(Captioned web image data)
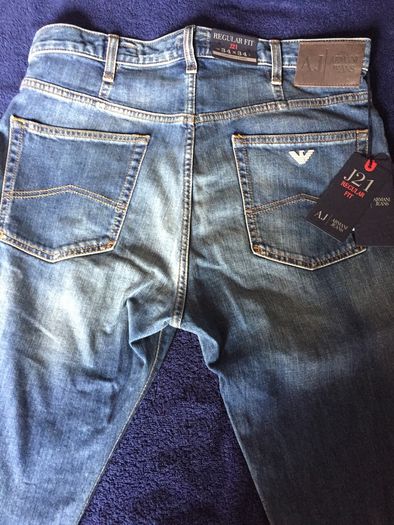 Armani Jeans regular fit size 34
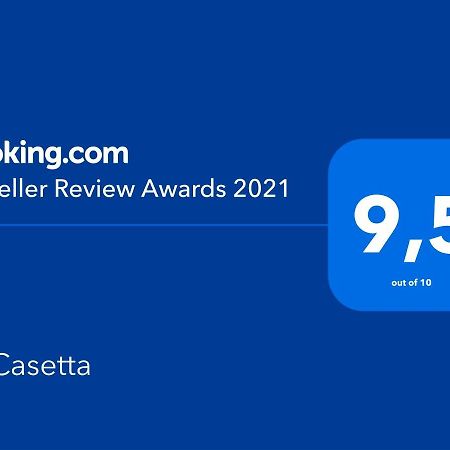 La Casetta Brancaleone Marina Εξωτερικό φωτογραφία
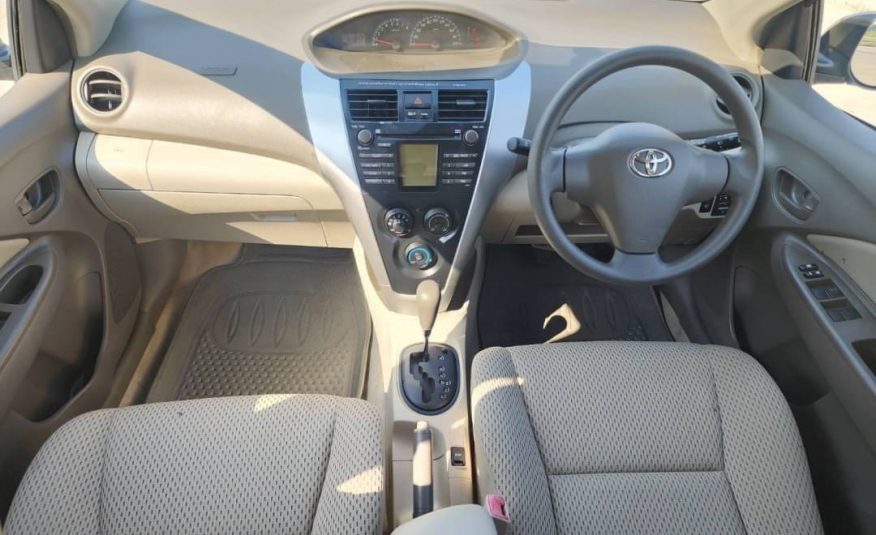 2011 TOYOTA VIOS 1.5e A/T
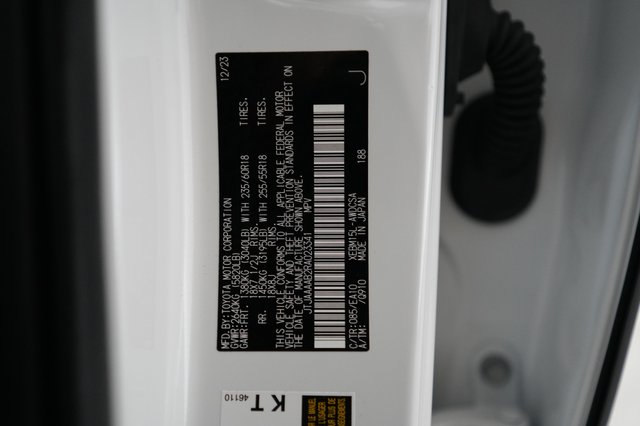 2024 Lexus RZ — photo 22 of 22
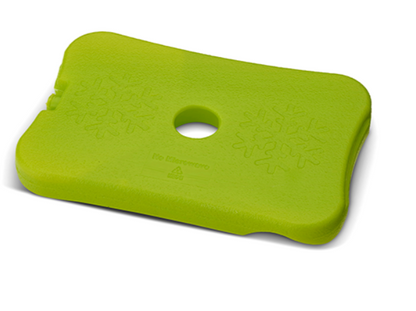 Caja de Almuerzo N'ice Box Kids Mono Lime - Carl Oscar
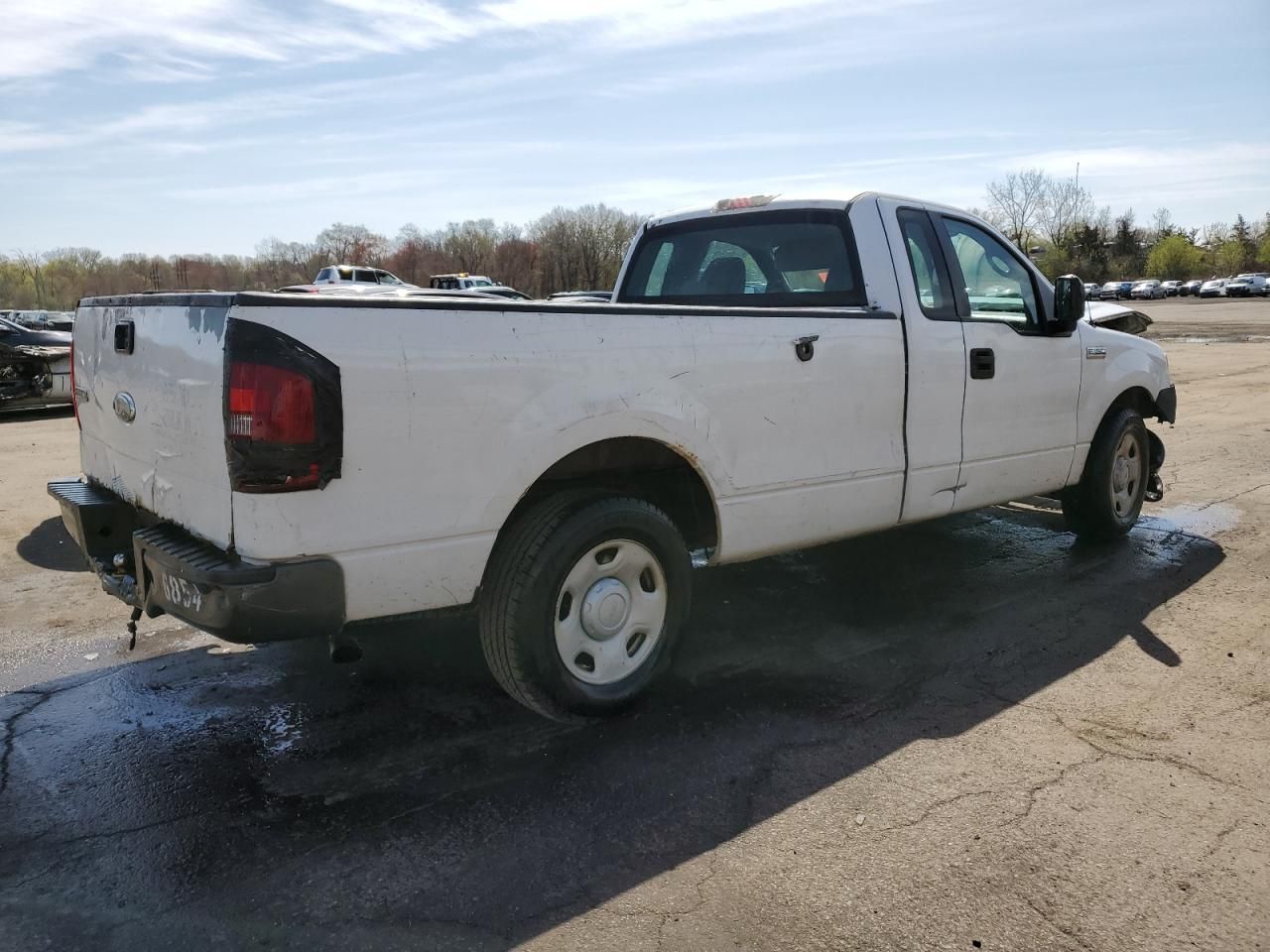 2008 Ford F150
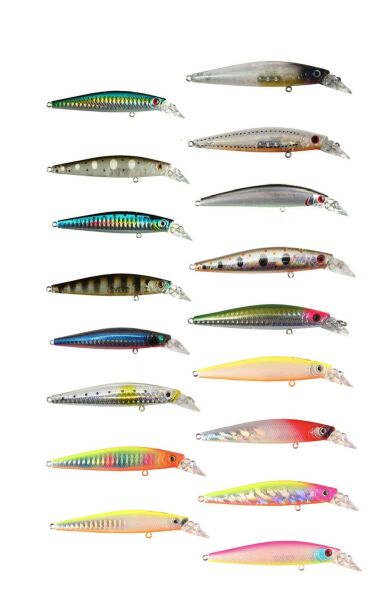 Usami Bay Shinner 85 SP-MR 9.7 G Maket Balık 403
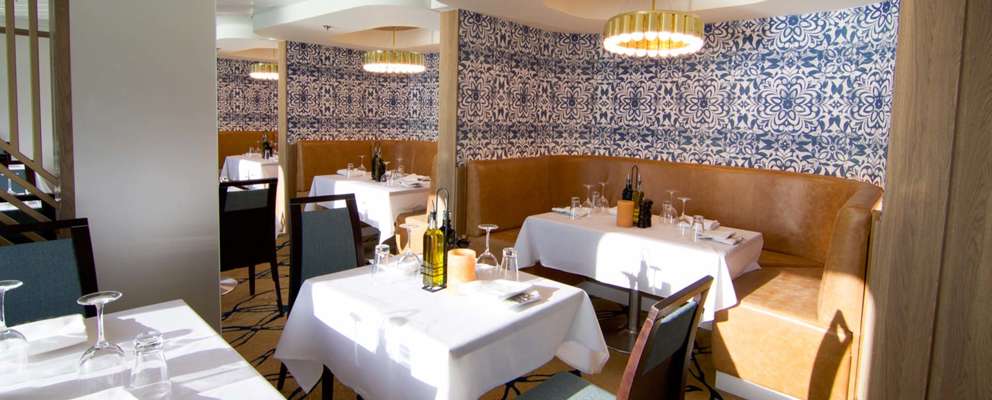 Norwegian Pride Of America La Cucina Restaurant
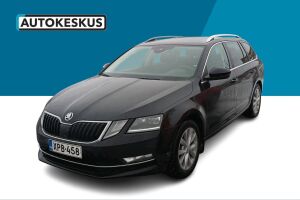 Skoda Octavia esikatselu 0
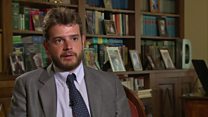 Model 'had no idea what was happening'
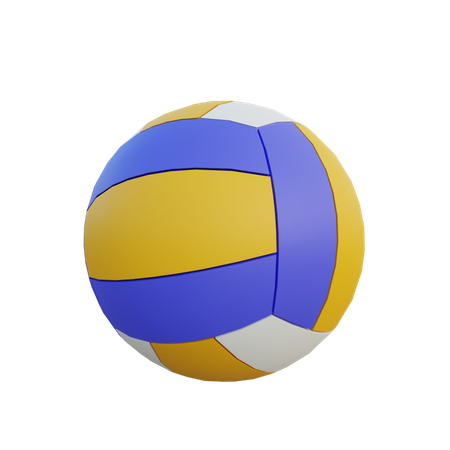 Vóleibol  3D Icon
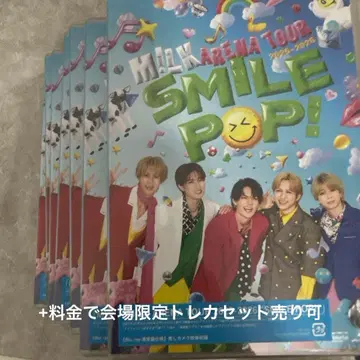 M!LK SMILE POP! 일반 버전 Blu-ray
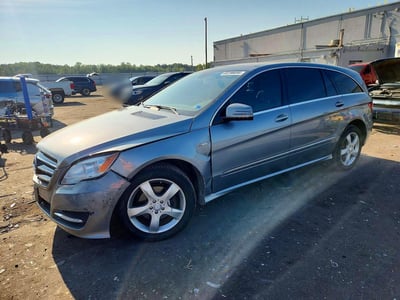 2012 Mercedes-Benz R-Class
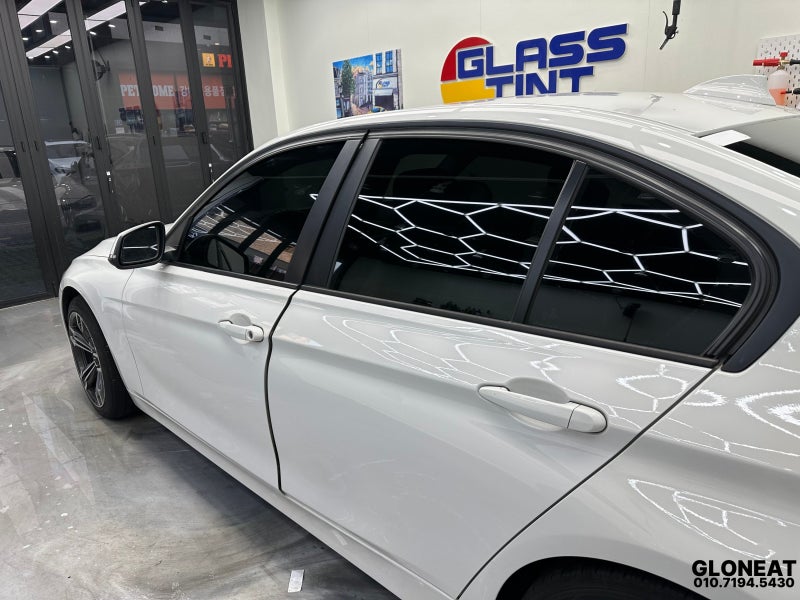 인천 서구 / 썬팅 / 인천중구썬팅 BMW520D 깔끔하게 재시공 완료 / BMW / 5시리즈 / 5시리즈 (F10)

Activity:
What is needed is an exact repetition of every entry, without the pictures.

Expected answer:
 Armani Jeans regular fit size 34
 La Casetta Brancaleone Marina Εξωτερικό φωτογραφία
 2011 TOYOTA VIOS 1.5e A/T
 2024 Lexus RZ — photo 22 of 22
 Caja de Almuerzo N'ice Box Kids Mono Lime - Carl Oscar
 2008 Ford F150
 Usami Bay Shinner 85 SP-MR 9.7 G Maket Balık 403
 Norwegian Pride Of America La Cucina Restaurant
 Skoda Octavia esikatselu 0
 Model 'had no idea what was happening'
 Vóleibol  3D Icon
 M!LK SMILE POP! 일반 버전 Blu-ray
 2012 Mercedes-Benz R-Class
 인천 서구 / 썬팅 / 인천중구썬팅 BMW520D 깔끔하게 재시공 완료 / BMW / 5시리즈 / 5시리즈 (F10)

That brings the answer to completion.